• _Assignment_: No pictures belong in the copy. Restate the rest of the data exactly.

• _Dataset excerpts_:
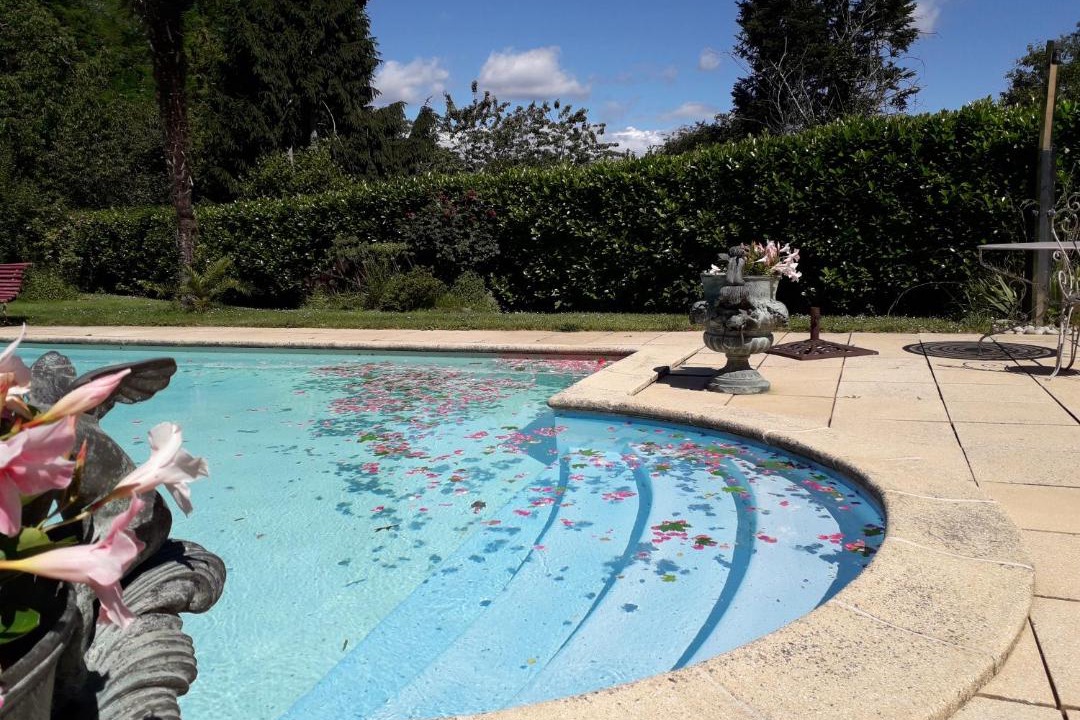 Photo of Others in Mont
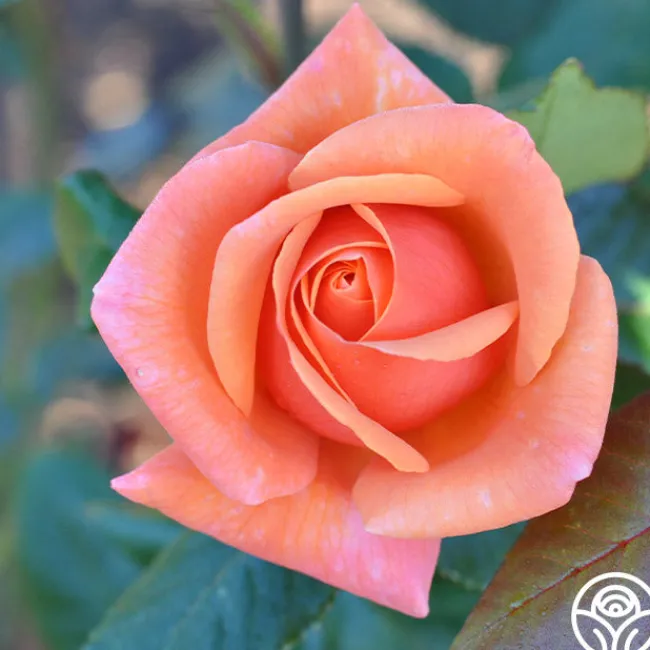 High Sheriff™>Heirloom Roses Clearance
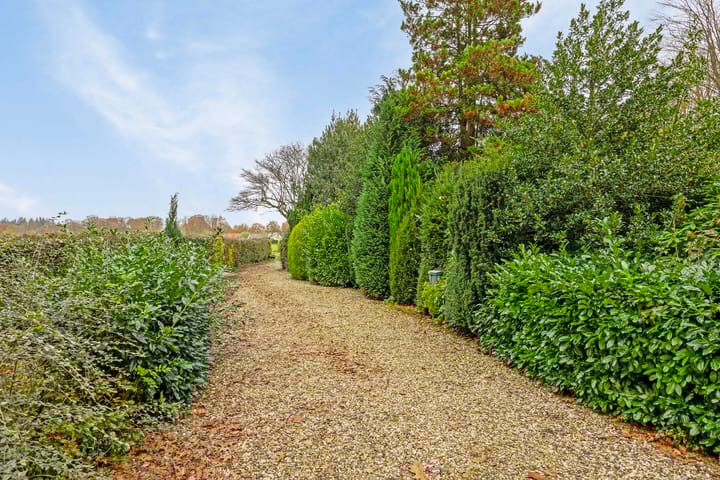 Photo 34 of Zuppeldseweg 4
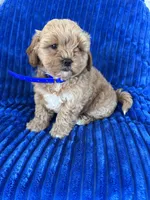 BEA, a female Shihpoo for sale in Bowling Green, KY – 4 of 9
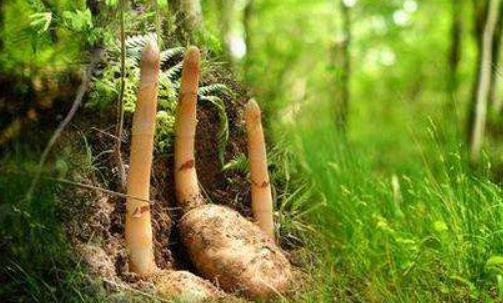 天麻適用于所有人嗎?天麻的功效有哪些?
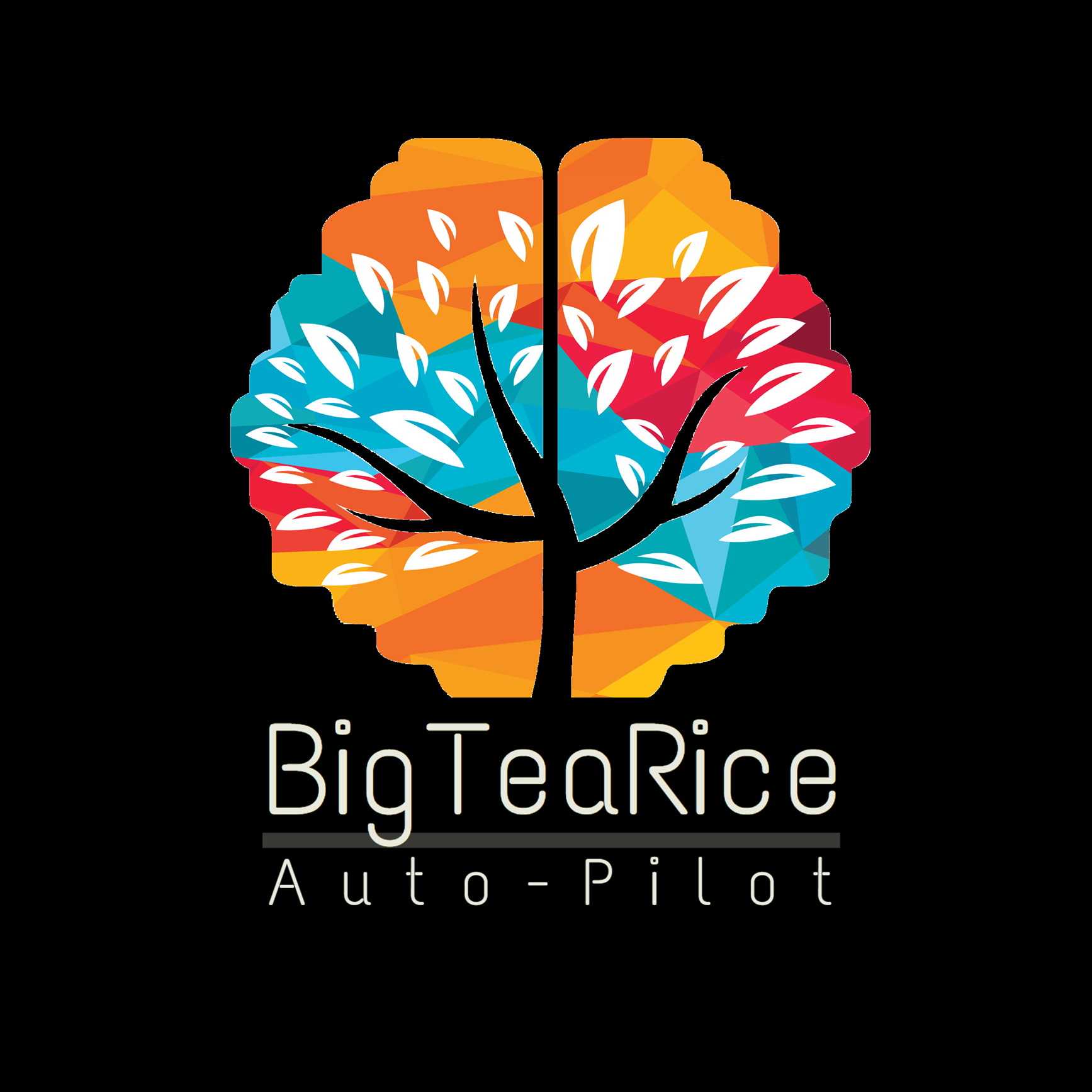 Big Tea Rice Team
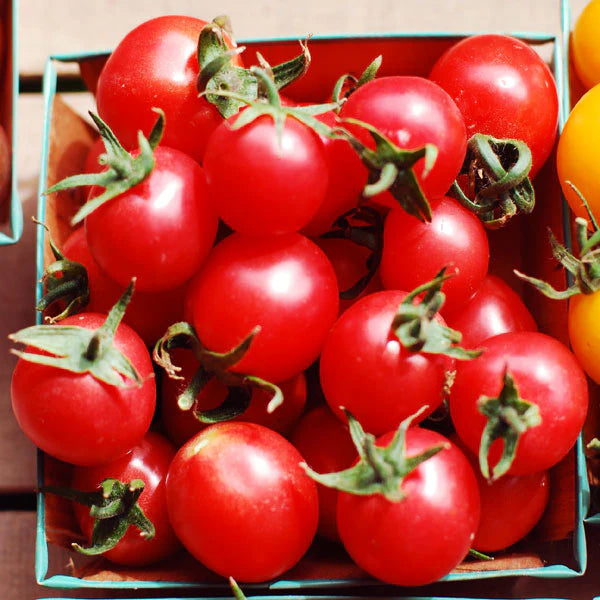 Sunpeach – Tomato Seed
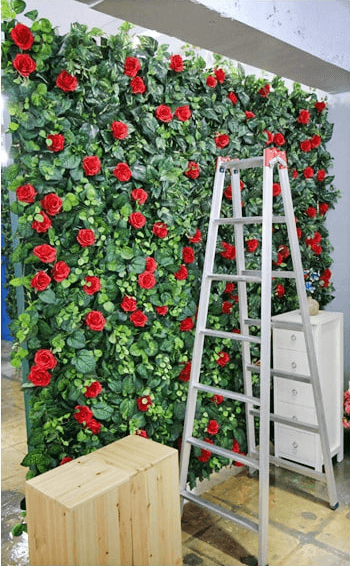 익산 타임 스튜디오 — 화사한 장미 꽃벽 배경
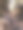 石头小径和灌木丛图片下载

• _Worked solution_:
 Photo of Others in Mont
 High Sheriff™>Heirloom Roses Clearance
 Photo 34 of Zuppeldseweg 4
 BEA, a female Shihpoo for sale in Bowling Green, KY – 4 of 9
 天麻適用于所有人嗎?天麻的功效有哪些?
 Big Tea Rice Team
 Sunpeach – Tomato Seed
 익산 타임 스튜디오 — 화사한 장미 꽃벽 배경
 石头小径和灌木丛图片下载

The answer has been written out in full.